Exercise details
When the data below is printed, every line must match exactly and the images must be absent.
Segment Open
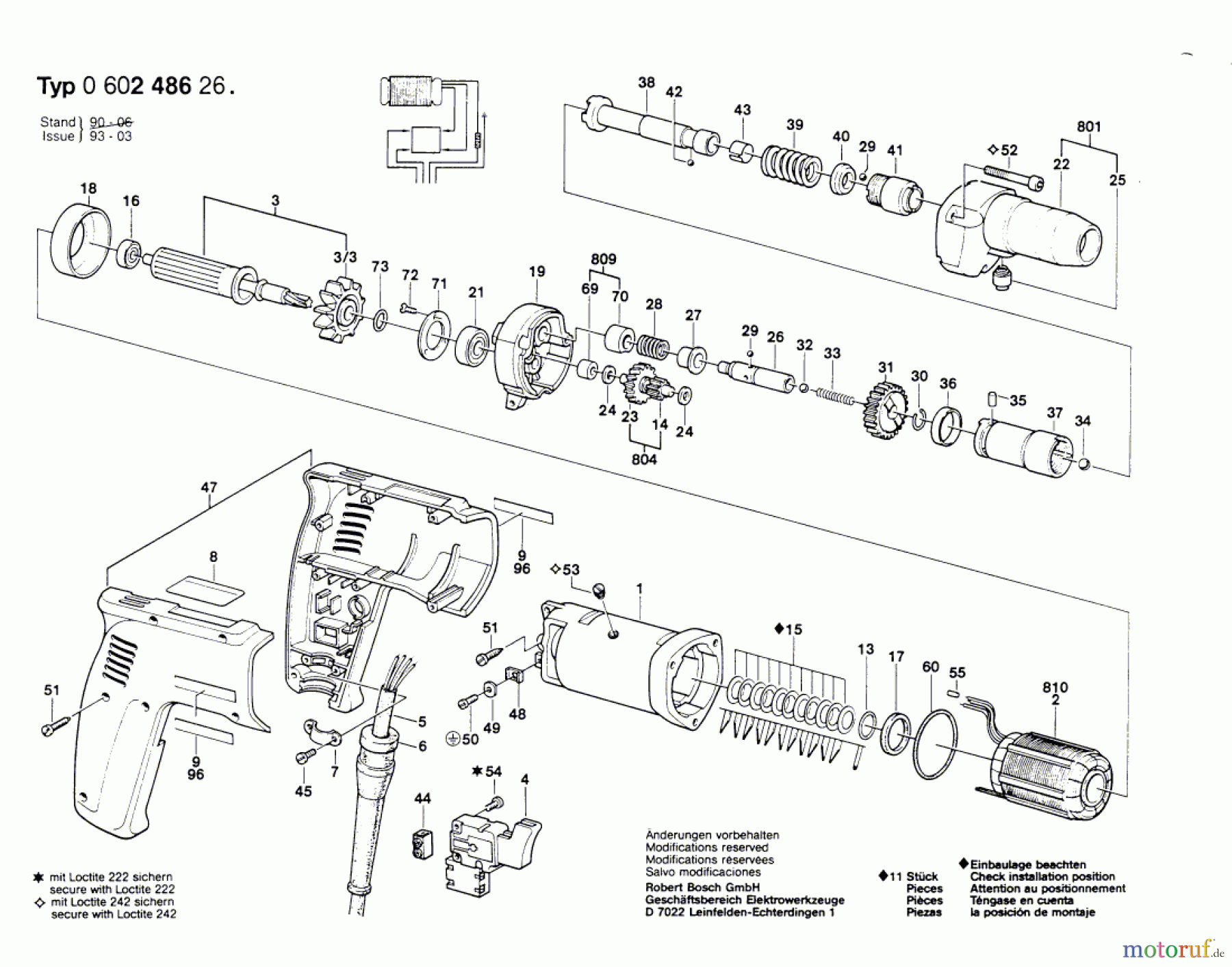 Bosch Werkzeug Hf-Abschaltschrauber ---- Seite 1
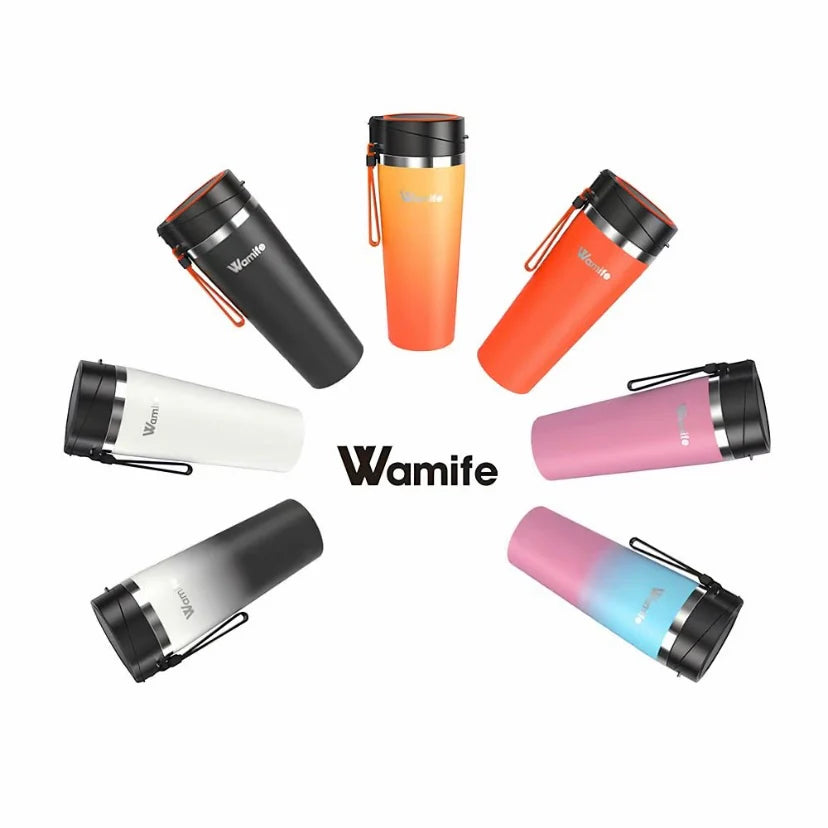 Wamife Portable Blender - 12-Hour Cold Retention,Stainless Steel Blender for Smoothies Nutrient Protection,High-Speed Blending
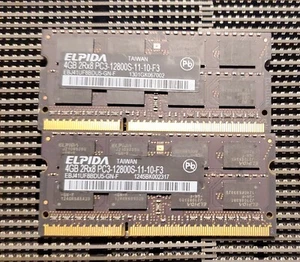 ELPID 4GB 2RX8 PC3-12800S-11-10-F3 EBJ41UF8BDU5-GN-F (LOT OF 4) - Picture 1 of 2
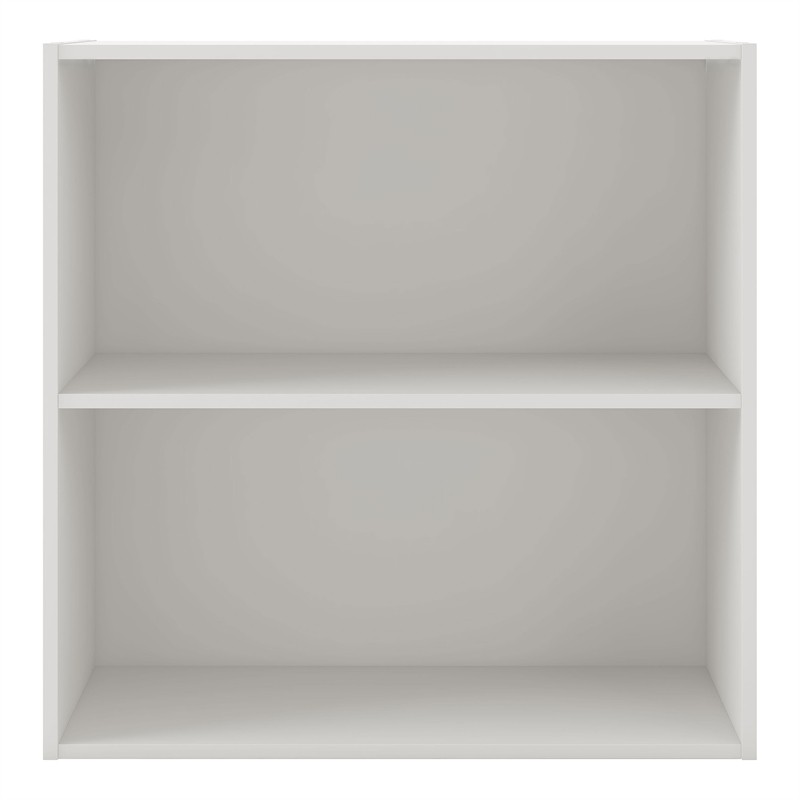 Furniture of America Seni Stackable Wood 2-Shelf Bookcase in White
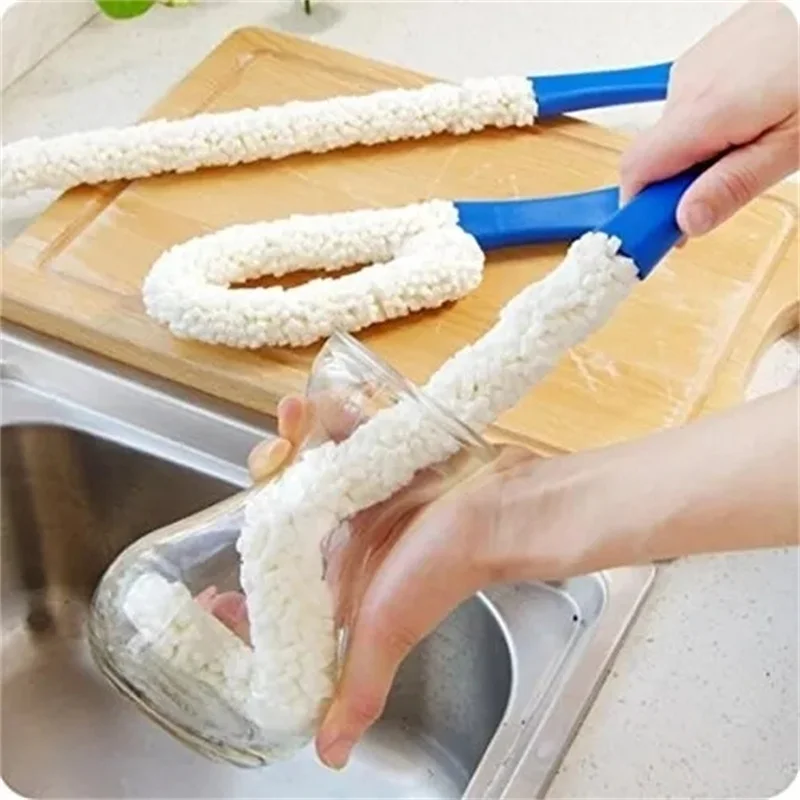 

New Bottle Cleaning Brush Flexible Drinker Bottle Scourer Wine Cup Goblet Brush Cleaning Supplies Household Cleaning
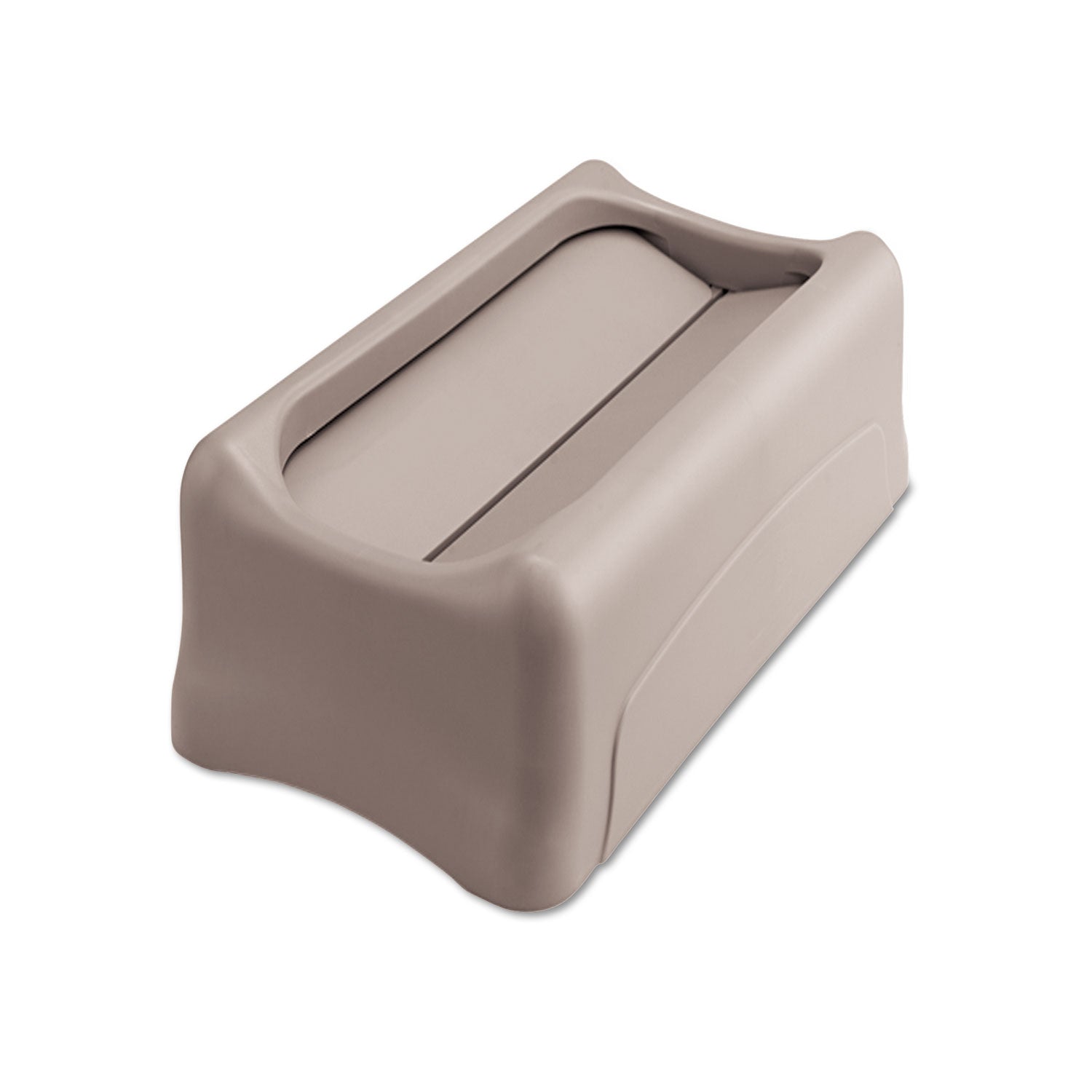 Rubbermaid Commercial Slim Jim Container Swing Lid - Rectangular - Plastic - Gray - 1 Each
Segment Closed
Reply to the task
 Bosch Werkzeug Hf-Abschaltschrauber ---- Seite 1
 Wamife Portable Blender - 12-Hour Cold Retention,Stainless Steel Blender for Smoothies Nutrient Protection,High-Speed Blending
 ELPID 4GB 2RX8 PC3-12800S-11-10-F3 EBJ41UF8BDU5-GN-F (LOT OF 4) - Picture 1 of 2
 Furniture of America Seni Stackable Wood 2-Shelf Bookcase in White

New Bottle Cleaning Brush Flexible Drinker Bottle Scourer Wine Cup Goblet Brush Cleaning Supplies Household Cleaning
 Rubbermaid Commercial Slim Jim Container Swing Lid - Rectangular - Plastic - Gray - 1 Each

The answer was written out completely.